Lee Dunham, Senior Attorney, National Legal Research Group
Collateral estoppel, also known as "issue preclusion," prohibits relitigation of factual or legal issues that have been "actually and necessarily decided" in earlier litigation. See, e.g., Banga v. First USA, 29 F. Supp. 3d 1270, 1280-81 (N.D. Cal. 2014) (citing San Remo Hotel L.P. v. San Francisco City & County, 364 F.3d 1088, 1094 (9th Cir. 2004)). Unlike the related doctrine of res judicata (or "claim preclusion"), which operates as a complete bar to relitigation of an entire claim, under collateral estoppel, the (new and different) claim may proceed, but "the prior judgment conclusively resolves an issue actually litigated and determined in the first action." DKN Holdings LLC v. Faerber, 61 Cal. 4th 813, 824, 352 P.3d 378, 386-87 (2015), reh'g denied (Aug. 12, 2015). Claim preclusion bars litigation of all issues that were or could have been litigated in the original action under the original claim, while issue preclusion resolves only those issues that were actually litigated. Banga, 29 F. Supp. 3d at 1280-81.

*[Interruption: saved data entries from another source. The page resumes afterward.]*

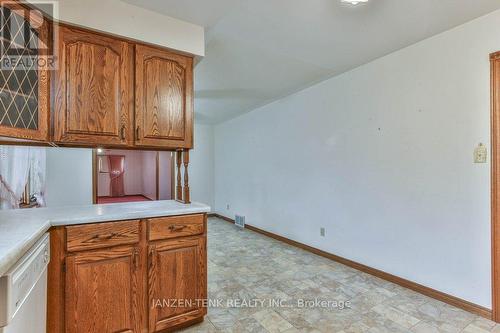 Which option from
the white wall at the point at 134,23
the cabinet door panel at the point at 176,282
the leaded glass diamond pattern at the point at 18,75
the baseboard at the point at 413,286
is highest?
the white wall at the point at 134,23

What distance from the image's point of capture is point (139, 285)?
5.50 ft

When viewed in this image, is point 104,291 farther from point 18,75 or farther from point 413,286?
point 413,286

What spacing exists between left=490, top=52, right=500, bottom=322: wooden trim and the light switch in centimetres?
5

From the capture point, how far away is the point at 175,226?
1799 mm

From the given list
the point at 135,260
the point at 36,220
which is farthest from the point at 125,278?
the point at 36,220

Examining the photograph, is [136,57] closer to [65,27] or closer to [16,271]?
[65,27]

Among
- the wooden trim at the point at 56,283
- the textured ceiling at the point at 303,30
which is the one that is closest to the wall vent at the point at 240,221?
the textured ceiling at the point at 303,30

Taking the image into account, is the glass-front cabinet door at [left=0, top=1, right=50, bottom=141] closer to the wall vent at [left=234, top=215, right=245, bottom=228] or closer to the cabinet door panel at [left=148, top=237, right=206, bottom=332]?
the cabinet door panel at [left=148, top=237, right=206, bottom=332]

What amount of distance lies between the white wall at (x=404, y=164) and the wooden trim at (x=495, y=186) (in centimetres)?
5

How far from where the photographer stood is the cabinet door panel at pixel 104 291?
1.48 m

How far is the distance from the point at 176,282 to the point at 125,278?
0.34 metres

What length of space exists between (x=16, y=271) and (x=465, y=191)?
114 inches

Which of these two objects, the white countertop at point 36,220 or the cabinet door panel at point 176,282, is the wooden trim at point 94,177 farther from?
the cabinet door panel at point 176,282

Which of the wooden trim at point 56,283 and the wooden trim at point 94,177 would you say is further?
the wooden trim at point 94,177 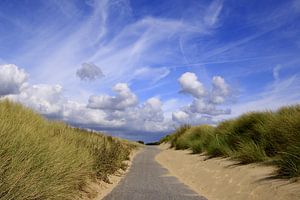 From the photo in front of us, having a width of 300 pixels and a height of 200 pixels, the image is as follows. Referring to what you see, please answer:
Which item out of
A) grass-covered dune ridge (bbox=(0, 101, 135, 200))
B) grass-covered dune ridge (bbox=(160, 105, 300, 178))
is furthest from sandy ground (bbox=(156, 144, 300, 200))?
grass-covered dune ridge (bbox=(0, 101, 135, 200))

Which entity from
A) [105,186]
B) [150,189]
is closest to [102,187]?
[105,186]

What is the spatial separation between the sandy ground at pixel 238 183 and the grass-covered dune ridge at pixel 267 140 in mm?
394

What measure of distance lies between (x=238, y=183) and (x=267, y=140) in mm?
3058

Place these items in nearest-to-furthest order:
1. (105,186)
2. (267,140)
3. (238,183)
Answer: (238,183)
(105,186)
(267,140)

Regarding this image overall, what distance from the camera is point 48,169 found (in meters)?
7.43

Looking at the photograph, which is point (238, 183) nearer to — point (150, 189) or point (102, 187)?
point (150, 189)

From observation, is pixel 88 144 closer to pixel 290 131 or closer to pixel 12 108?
pixel 12 108

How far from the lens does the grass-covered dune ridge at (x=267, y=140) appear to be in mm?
9484

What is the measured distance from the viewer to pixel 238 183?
1054 cm

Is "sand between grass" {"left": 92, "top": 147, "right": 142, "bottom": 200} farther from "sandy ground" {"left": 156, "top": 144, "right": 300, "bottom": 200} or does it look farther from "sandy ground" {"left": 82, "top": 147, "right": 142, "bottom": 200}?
"sandy ground" {"left": 156, "top": 144, "right": 300, "bottom": 200}

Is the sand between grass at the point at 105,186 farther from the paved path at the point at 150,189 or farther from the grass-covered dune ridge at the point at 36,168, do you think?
the grass-covered dune ridge at the point at 36,168

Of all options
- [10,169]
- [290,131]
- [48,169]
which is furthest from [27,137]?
[290,131]

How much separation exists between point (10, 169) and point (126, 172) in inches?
350

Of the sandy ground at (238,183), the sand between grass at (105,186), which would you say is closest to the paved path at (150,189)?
the sand between grass at (105,186) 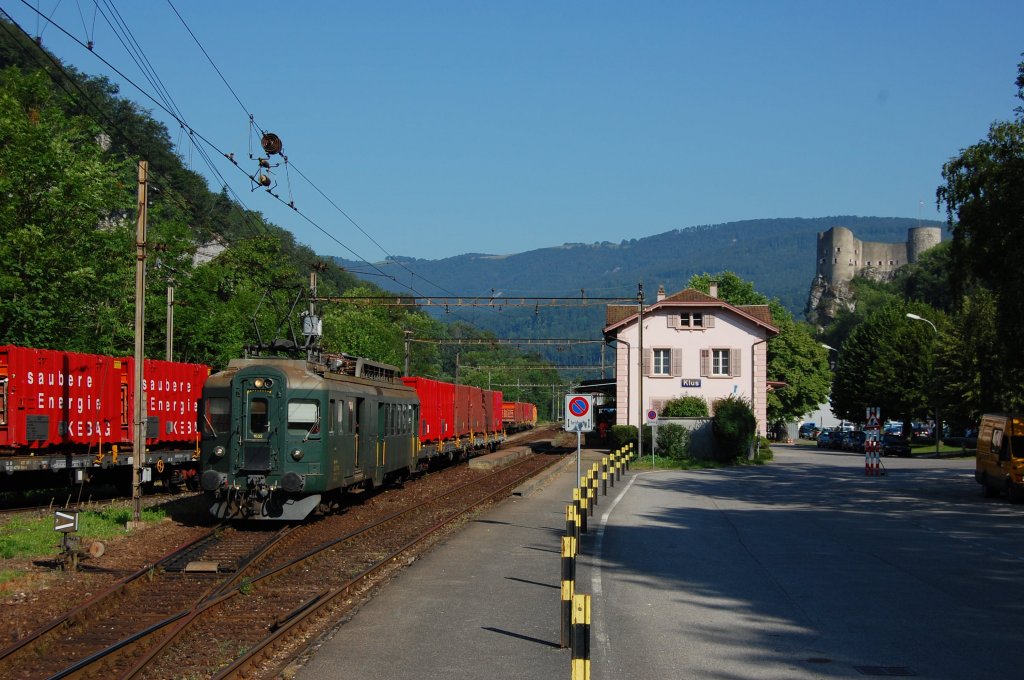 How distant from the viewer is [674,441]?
150 ft

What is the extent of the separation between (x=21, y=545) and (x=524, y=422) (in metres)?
75.5

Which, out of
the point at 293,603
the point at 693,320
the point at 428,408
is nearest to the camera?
the point at 293,603

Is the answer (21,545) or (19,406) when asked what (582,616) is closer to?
(21,545)

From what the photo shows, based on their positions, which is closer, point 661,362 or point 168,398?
point 168,398

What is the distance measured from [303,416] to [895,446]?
46895 millimetres

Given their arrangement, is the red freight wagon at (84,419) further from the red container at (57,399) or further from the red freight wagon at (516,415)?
the red freight wagon at (516,415)

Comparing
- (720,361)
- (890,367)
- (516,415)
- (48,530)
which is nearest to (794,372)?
(890,367)

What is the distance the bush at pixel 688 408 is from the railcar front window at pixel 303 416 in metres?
33.3

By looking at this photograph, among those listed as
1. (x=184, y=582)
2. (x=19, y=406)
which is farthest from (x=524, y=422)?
(x=184, y=582)

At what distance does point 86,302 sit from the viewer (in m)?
33.0

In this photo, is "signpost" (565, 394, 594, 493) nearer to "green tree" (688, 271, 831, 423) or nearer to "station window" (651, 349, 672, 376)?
"station window" (651, 349, 672, 376)

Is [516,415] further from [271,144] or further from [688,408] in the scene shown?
[271,144]

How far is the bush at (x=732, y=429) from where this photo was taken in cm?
4453

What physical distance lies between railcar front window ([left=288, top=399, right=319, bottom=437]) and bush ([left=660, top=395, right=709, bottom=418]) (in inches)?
1310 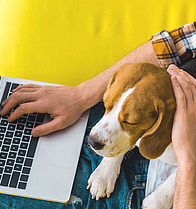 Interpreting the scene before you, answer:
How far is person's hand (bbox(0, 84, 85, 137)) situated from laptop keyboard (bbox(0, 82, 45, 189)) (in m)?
0.04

There are multiple prerequisite elements for the application of the doctrine of issue preclusion, including a prior proceeding that resulted in a final judgment on the merits and identity or privity of parties between the two proceedings. However, this article will focus on the third element, "identity of issues" in cases where the "issue" is the satisfaction of a statutory requirement and where the claims in the first and second proceedings arise under different statutes.